__Activity__: Could you transcribe exactly the lines from the one containing "生品神社(群馬県)(2026年03月28日(土) 22時56分53秒投稿)" through the end of the listing below, both included, but none of the pictures?

__Data__:
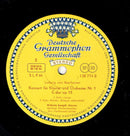 Beethoven* / Wilhelm Kempff, Berliner Philharmoniker Dirigent: Ferdinand Leitner : Klavierkonzert Nr. 1 C-Dur, Op. 15 (LP, Album)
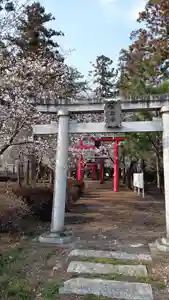 生品神社(群馬県)(2026年03月28日(土) 22時56分53秒投稿)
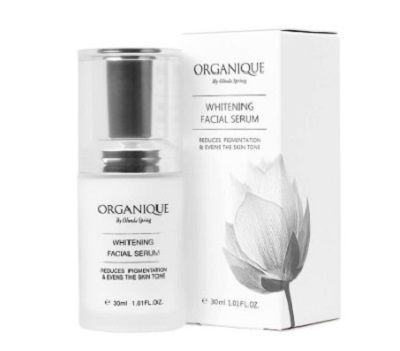 Tinh chất dưỡng trắng Organique Whitening Facial Serum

__Result of this exercise__:
 生品神社(群馬県)(2026年03月28日(土) 22時56分53秒投稿)
 Tinh chất dưỡng trắng Organique Whitening Facial Serum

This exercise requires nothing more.